The MySQL / Debezium / Kafka environment is set up as follows:
version: '2'
services:
zookeeper:
image: quay.io/debezium/zookeeper:${DEBEZIUM_VERSION}
ports:
- 2181:2181
- 2888:2888
- 3888:3888
kafka:
image: quay.io/debezium/kafka:${DEBEZIUM_VERSION}
ports:
- 9092:9092
links:
- zookeeper
environment:
- ZOOKEEPER_CONNECT=zookeeper:2181
mysql:
image: quay.io/debezium/example-mysql:${DEBEZIUM_VERSION}
ports:
- 3306:3306
environment:
- MYSQL_ROOT_PASSWORD=debezium
- MYSQL_USER=mysqluser
- MYSQL_PASSWORD=mysqlpw
connect:
image: quay.io/debezium/connect:${DEBEZIUM_VERSION}
ports:
- 8083:8083
links:
- kafka
- mysql
environment:
- BOOTSTRAP_SERVERS=kafka:9092
- GROUP_ID=1
- CONFIG_STORAGE_TOPIC=my_connect_configs
- OFFSET_STORAGE_TOPIC=my_connect_offsets
- STATUS_STORAGE_TOPIC=my_connect_statuses
This part is up and running.
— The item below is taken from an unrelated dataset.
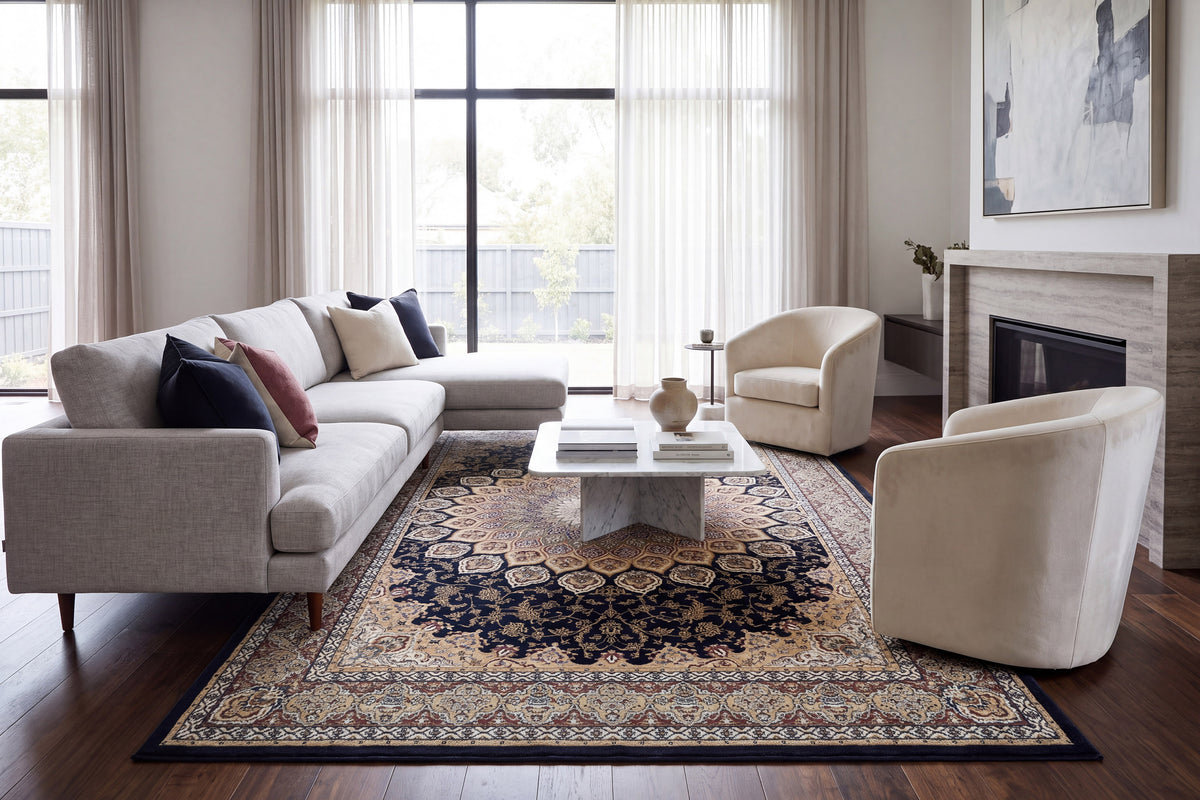 Ancient Garden 57090-3484 Navy Area Rug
I'm able to connect to MySQL, change some values and see those changes flow through Debezium and Kafka.
I've also set up a stand-alone Spark 3.3 instance using a separate docker-compose as follows:
version: '3'
services:
spark-master:
image: docker.io/bitnami/spark:3.3
environment:
- SPARK_MODE=master
- SPARK_RPC_AUTHENTICATION_ENABLED=no
- SPARK_RPC_ENCRYPTION_ENABLED=no
- SPARK_LOCAL_STORAGE_ENCRYPTION_ENABLED=no
- SPARK_SSL_ENABLED=no
ports:
- '8080:8080'
spark-worker:
image: docker.io/bitnami/spark:3.3
environment:
- SPARK_MODE=worker
- SPARK_MASTER_URL=spark://spark-master:7077
- SPARK_WORKER_MEMORY=2G
- SPARK_WORKER_CORES=1
- SPARK_RPC_AUTHENTICATION_ENABLED=no
- SPARK_RPC_ENCRYPTION_ENABLED=no
- SPARK_LOCAL_STORAGE_ENCRYPTION_ENABLED=no
- SPARK_SSL_ENABLED=no
This part is also up and running and I am able to log onto the Spark UI.
My question is: What are the specific configuration or environment change do I need to make in order to be able to submit a Spark streaming job, which will read its data from the Kafka topic, given that both Spark and Kafka are running within their own Docker environments?